> On Tue, 26 Jan 2010 12:49:32 -0700, LuKreme <[email protected]> wrote:

>> On 25-Jan-2010, at 15:07, Nick Peelman wrote:

>>>  Welcome to Thunderbird.  Enjoy your (5 minute) stay.
>> 
>> I don't think we are thinking about plugins in the same way as
>> Tbird/Firefox. Most of these plugins are going to be written by the same
>> people writing the app.
> 
> Actually, I think it's a lot like Firefox, from what little I know of that
> project's development style... the idea being that you want to support a
> powerful plugin architecture from the start, so you build much of the
> application itself using the plugin APIs - eating your own dog food, as
> they say.

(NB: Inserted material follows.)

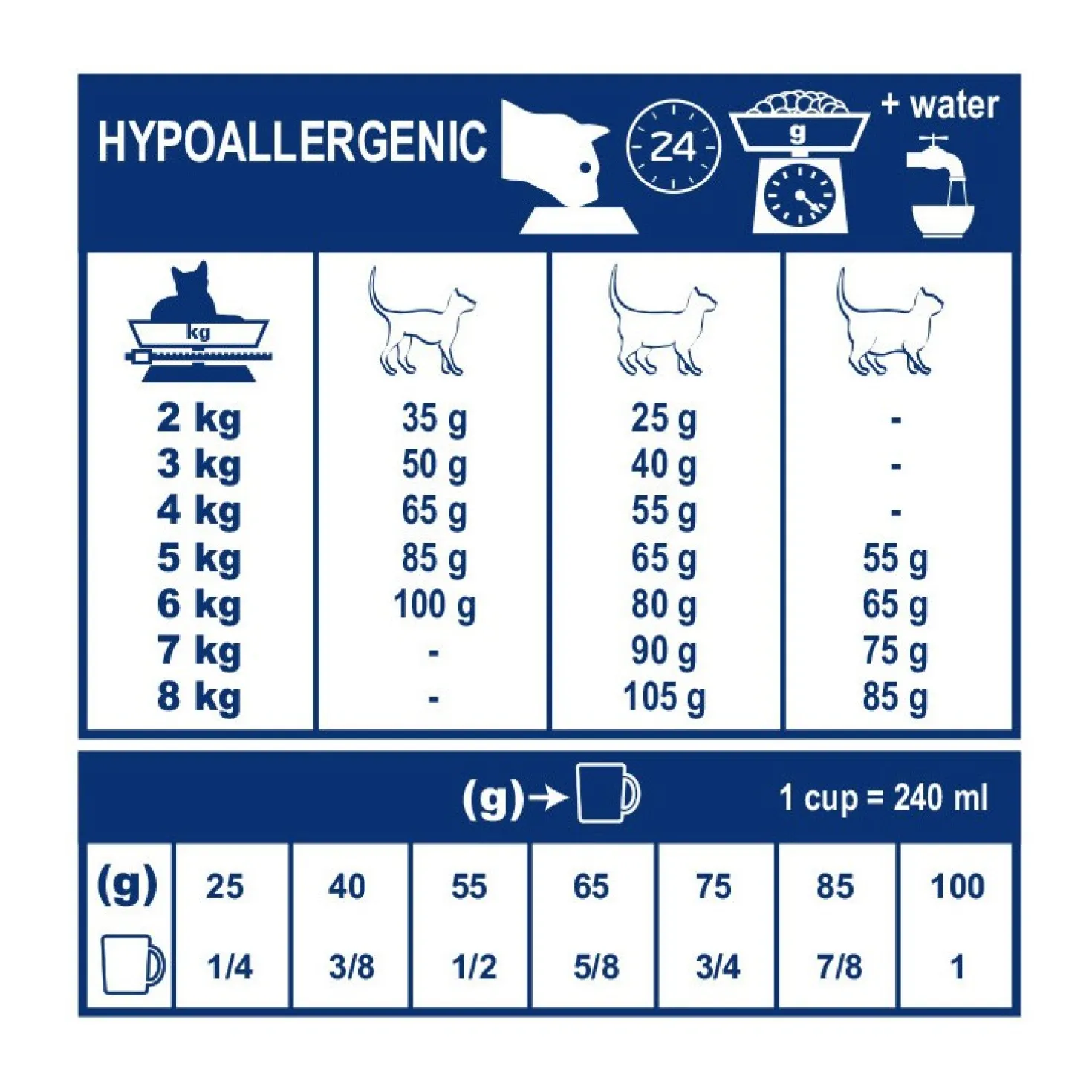 Royal Canin Veterinary Hypoallergenic - croquettes chat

It doesn't mean these "core" plugins are anything that can be
> disabled, just that they are no more priveleged - feature, performance, etc
> - than what a third-party could build as an optional plugin.
> 
> I don't think it means that core functionality goes stale, gets ignored, or
> can even be (easily) disabled. It just means that when you tell
> third-parties they can build plugins, you're less likely to look like an
> asshole because they crack open your SDK and find out it's severely
> limited.

I'd also counter that Thunderbird's primary issues are not related to its 
plugin architecture. Its a bad email client, on OS X, because it's not a 
properly confirming OS X application.

I'm not advocating for or against everything being handled as a plugin, as I 
can see benefits to both sides, but just that wiping up "Thunderbird" as a 
generic case against plugins is disingenuous. It's more complicated than that.